# Preferred Contractors Insurance Co



## psbuilt (Mar 18, 2013)

Does anyone have any experience with the company Preferred Contractors Insurance Co for general liability insurance? I recently got incorporated as a general contractor, and have received several quotes for general liability insurance. PCIC is by far the lowest priced quote I've received. They have a B- rating, which I know is not great. I've been in commercial construction for over 15 years, and still am, just starting this new business with a partner to do residential remodeling (basements, kitchens, baths, etc.). The quotes I've received from higher rated insurance companies (A to A++) are significantly more expensive, most are over double the cost compared to the quote I received from PCIC. We will be the GC, but will not self perform much of the work, we will design, subcontract and manage the work. This makes the rates higher compared to self performing contractors such as carpentry contractors, as the insurance company is taking on more of a risk for a GC. In commercial construction, the rating is very important and you need to have an A+ rated insurance company for many public projects. I'm not sure how important the insurance company rating is though for residential. We're in Illinois, and most of the local city building departments in our area don't even require a copy of the GC's insurance for the permit process. Obviously it's better to have a higher rated insurance company, but not sure if it's worth paying double the cost for that rating.

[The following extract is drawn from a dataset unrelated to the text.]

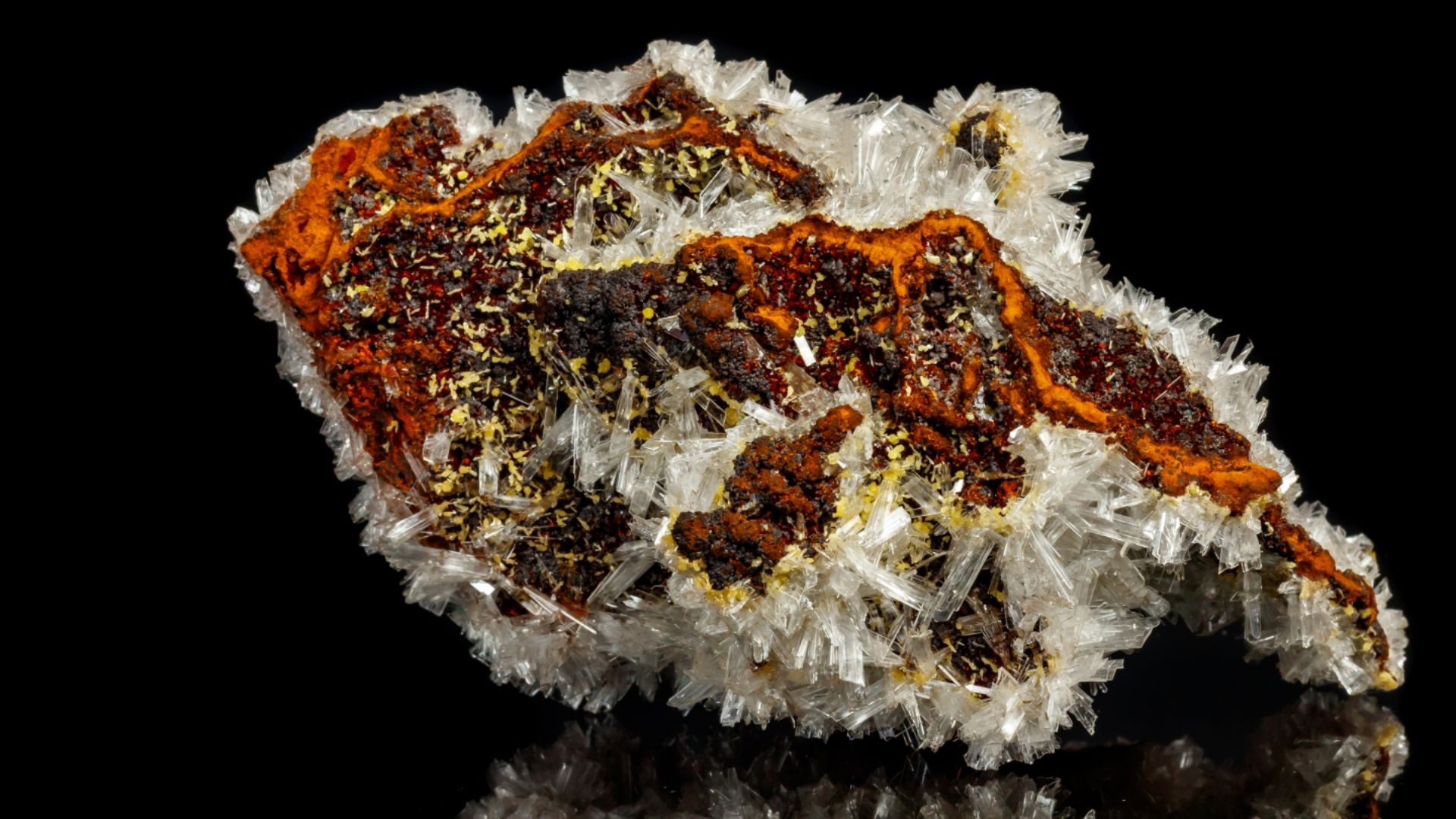 1549875635_bastiricilar-3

Does anyone use PCIC, and if so do you like their service? Specifically wondering if anyone has them and has had to make a claim how were they to deal with? Any feedback is appreciated. Thanks.


----------



## Greendey+25 (May 6, 2021)

psbuilt said:


> Does anyone have any experience with the company Preferred Contractors Insurance Co for general liability insurance? I recently got incorporated as a general contractor, and have received several quotes for general liability insurance. PCIC is by far the lowest priced quote I've received. They have a B- rating, which I know is not great. I've been in commercial construction for over 15 years, and still am, just starting this new business with a partner to do residential remodeling (basements, kitchens, baths, etc.). The quotes I've received from higher rated insurance companies (A to A++) are significantly more expensive, most are over double the cost compared to the quote I received from PCIC. We will be the GC, but will not self perform much of the work, we will design, subcontract and manage the work. This makes the rates higher compared to self performing contractors such as carpentry contractors, as the insurance company is taking on more of a risk for a GC. In commercial construction, the rating is very important and you need to have an A+ rated insurance company for many public projects. I'm not sure how important the insurance company rating is though for residential. We're in Illinois, and most of the local city building departments in our area don't even require a copy of the GC's insurance for the permit process. Obviously it's better to have a higher rated insurance company, but not sure if it's worth paying double the cost for that rating. Does anyone use PCIC, and if so do you like their service? Specifically wondering if anyone has them and has had to make a claim how were they to deal with? Any feedback is appreciated. Thanks.


They’re cheep because it’s not insurance, it’s a risk retention group. Find a real broker who can explain it. you get what you pay for.


----------



## We Fix Houses (Aug 15, 2007)

Right...! A broker, not a captive agent.


----------